Unusually, Zenith has seen little need for structured driver training, often considered a staple of better environmental performance.

“Our transport supervisors will give drivers tips on their driving and we are going to train the supervisors to be driver-assessors to help the drivers understand how they should handle that particular vehicle,” says Rayner.

The company had eschewed blanket training as costly and time-consuming but expected to look at targeted training once it identified individual traits.

However, Rayner says: “There has been very little need because our driving events and fuel usage have gone right down.”

The use of club cars, pool cars and car sharing can all contribute to cutting mileage – the more effort a driver has to make in order to ‘book’ the vehicle the more they will do so only when the journey is essential. 

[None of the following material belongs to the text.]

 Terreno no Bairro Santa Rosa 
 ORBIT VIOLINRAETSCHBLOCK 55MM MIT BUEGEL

Driver training can make substantial savings in terms of fuel efficiency and usually these benefits go hand in hand with safety and compliance.

Nonetheless, fuel savings of 5-15% are not uncommon among newly-trained drivers.

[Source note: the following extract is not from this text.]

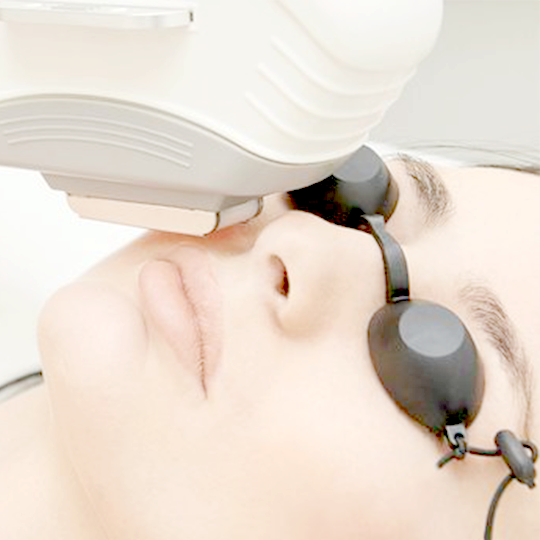 Brightening Laser Treatment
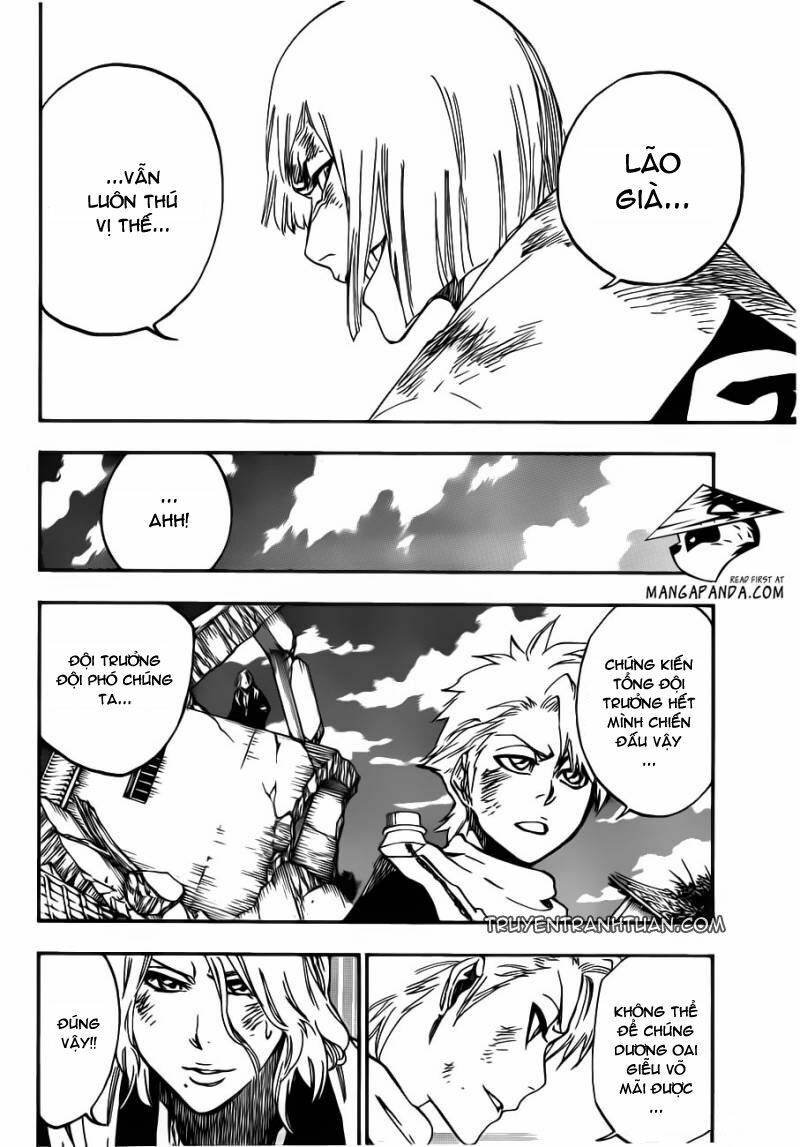 Thần Chết Ichigo: Chapter 505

The Energy Saving Trust (EST) offers 50-minute courses for £20 per employee and says some drivers achieve fuel savings of 17% on the day, likely to settle down to a long-term saving of 5%.

Ceuta Healthcare used the fact that drivers covering 12,000 miles a year could save a minimum of £250 on fuel to sell the EST training to its workforce, on the basis that it would save them money as individuals too.

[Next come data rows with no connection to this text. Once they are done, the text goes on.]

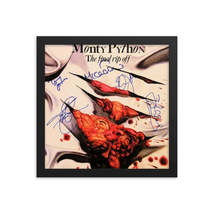 Monty Python signed The Final Rip Off album Reprint - £59.31 GBP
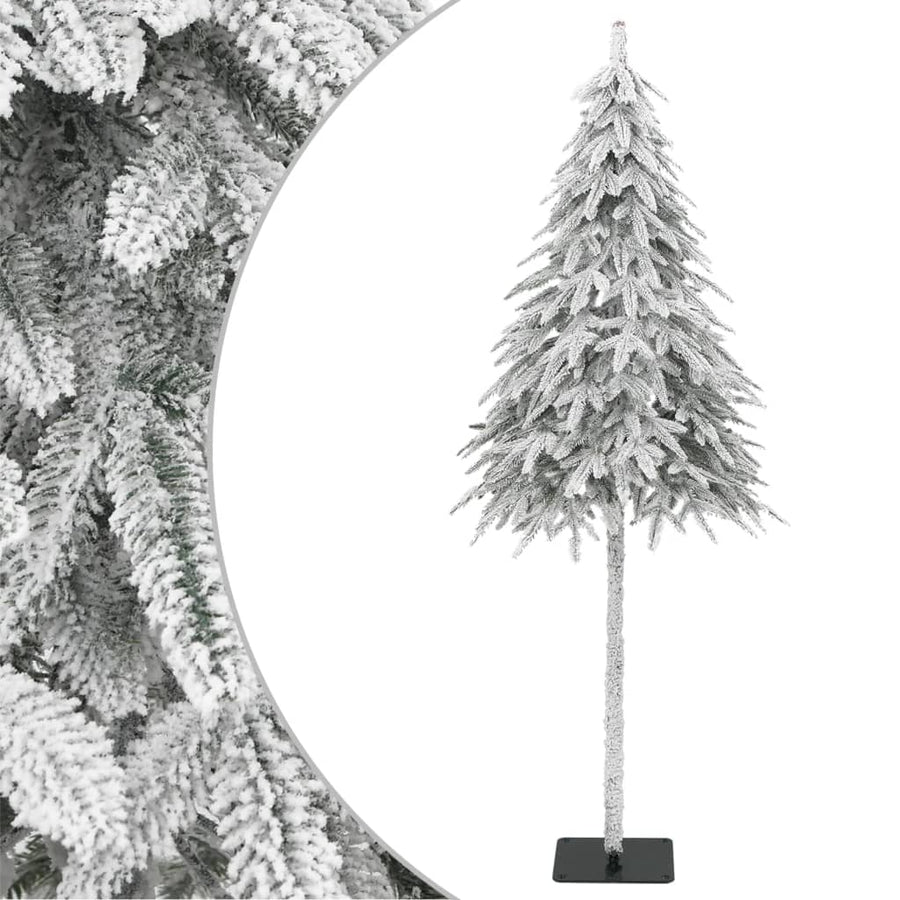 Kunstkerstboom Met Sneeuw 1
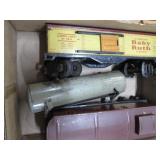 LIONEL FREIGHT CARS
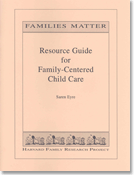 family centered childcare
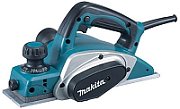 Makita KP0800 power hand planer Black Blue Silver 17000 RPM 620 W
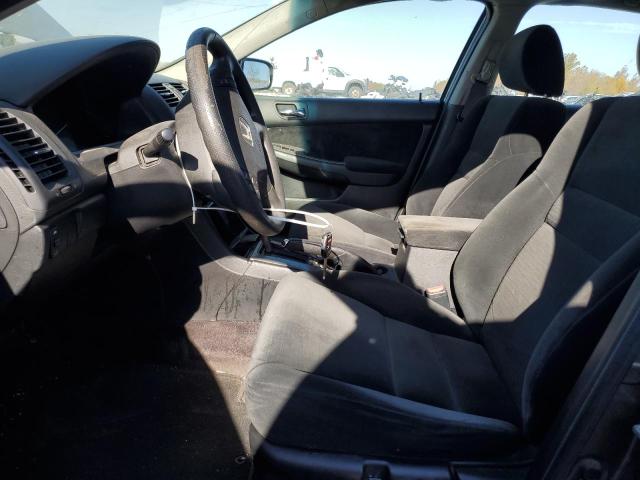 1HGCM56736A180632 - 2006 HONDA ACCORD EX CHARCOAL photo 7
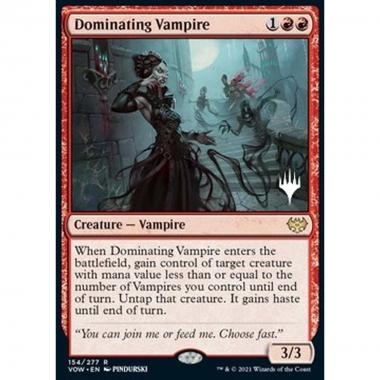 Dominating Vampire - Vampira Dominante - [PNEO] [NM]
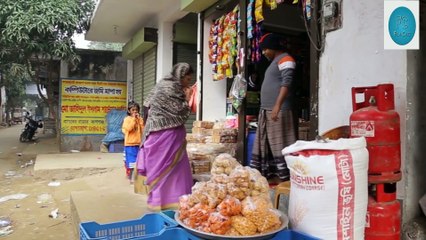 MATIR BANK  মাটির ব্যাংক.by filom cafe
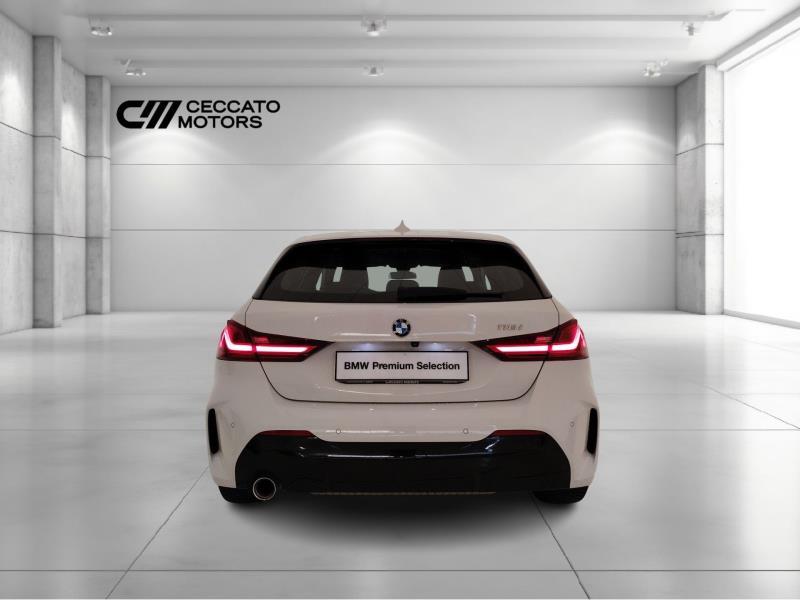 BMW Serie 1 118i Msport 136cv auto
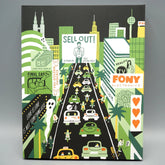 Kani Movies BR: Sell Out! 814456026213 KANI-009 SLIP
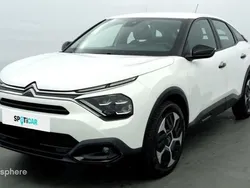 Blanc Utilisé 2022 Citroën C4 Business Class Berline | 14 480 € (Bon prix)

One of the challenges of driver training is sustaining the improvements and not allowing people to lapse back into poor habits. Technology can play a valuable role here, both as an ever-vigilant observer and also through providing real-time reports to managers, driver-trainers and the drivers themselves.

Telematics systems can mean anything from tracking vehicles’ progress to interrogating the engine management system, but the most immediate effect can come from those which give drivers traffic light ratings or real-time instruction as they progress.

Ashwoods Automotive’s Lightfoot system which is currently available for Citroën, Renault, Peugeot, Nissan and Volkswagen vans, for example, takes into account gradient, load and road conditions and coaches the driver on how to make the vehicle perform in the most fuel-efficient and, therefore, most environmentally-friendly way.